Cuando la levanté, sus entrañas se derramaron por la herida que tenía abierta en el vientre. No sabía qué hacer con todo ese material vaporoso, resbaladizo y nauseabundo. Me sentía impotente, impotente y desolado.
—Pequeña Flor, mi querida Pequeña Flor, te he fallado…
Abrió los ojos con gran esfuerzo y me dedicó una mirada azul y blanca, muy débil:
—Mi rey —consiguió decir mientras la saliva y la sangre salían de su boca—. ¿Me das tu permiso… para llamarte Hermano Mayor?
—Sí, por supuesto —respondí entre lágrimas—. Mi hermana pequeña, la persona más próxima a mí que hay en el mundo…
—Me siento tan afortunada…, Hermano Mayor…, inmensamente afortunada…
En ese momento, dejó de respirar y sus patas se pusieron rígidas, como cuatro pequeños bastones.
—¡Hermana Pequeña! —dije llorando mientras me ponía de pie y avanzaba directamente hacia los demás jabalíes, dispuesto a luchar contra ellos hasta la muerte…, mi muerte.
Los jabalíes formaron y, temerosos pero disciplinados, comenzaron a retroceder. Cuando ataqué, se desplegaron para rodearme. Abandoné todas las tácticas, embestí aquí, mordí allá y luché como un cerdo loco, hiriéndolos a todos y recibiendo también mi ración de heridas. Cuando las cambiantes líneas de batalla nos llevaron a mitad del banco de arena del río, hasta el borde de una hilera de estructuras militares abandonadas, con tejas y paredes que se estaban desmenuzando, vi una figura que me resultó familiar sentada junto a un abrevadero de piedra que estaba medio enterrado en el lodo.
—Viejo Diao, ¿eres tú? —grité lleno de asombro.
—Sabía que algún día vendrías, mi hermano —dijo Diao Xiaosan antes de dirigirse hacia los jabalíes salvajes que se acercaban—. ¡Ya no puedo ser vuestro rey! ¡Este es vuestro verdadero rey!

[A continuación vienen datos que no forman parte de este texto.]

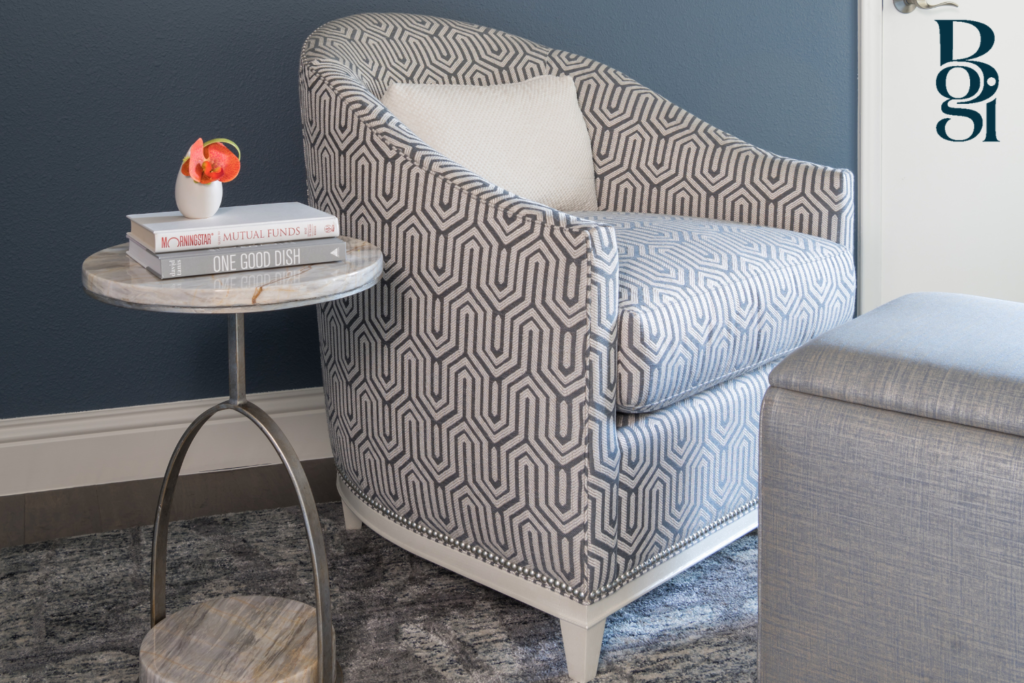 corner chair in a matte blue room chosen by BGI Designs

Después de unos instantes de dudas, se postraron de rodillas y, hundiendo el hocico en el polvo, anunciaron al unísono:
—¡Larga vida al gran rey!
Yo estaba a punto de añadir algo, pero ante estos últimos acontecimientos, ¿qué podía decir? Por tanto, sumido en un estado de completo aturdimiento, me convertí en el rey del banco de arena de los jabalíes salvajes y recibí su lealtad. En cuanto al rey humano, el que estaba sentado sobre la luna, él ya se encontraba a millones de kilómetros de la Tierra y la colosal Luna se había encogido hasta alcanzar el tamaño de una fuente plateada, tan pequeña y alejada que ya no se podía ver en ella al ser humano, ni siquiera con un telescopio de gran alcance.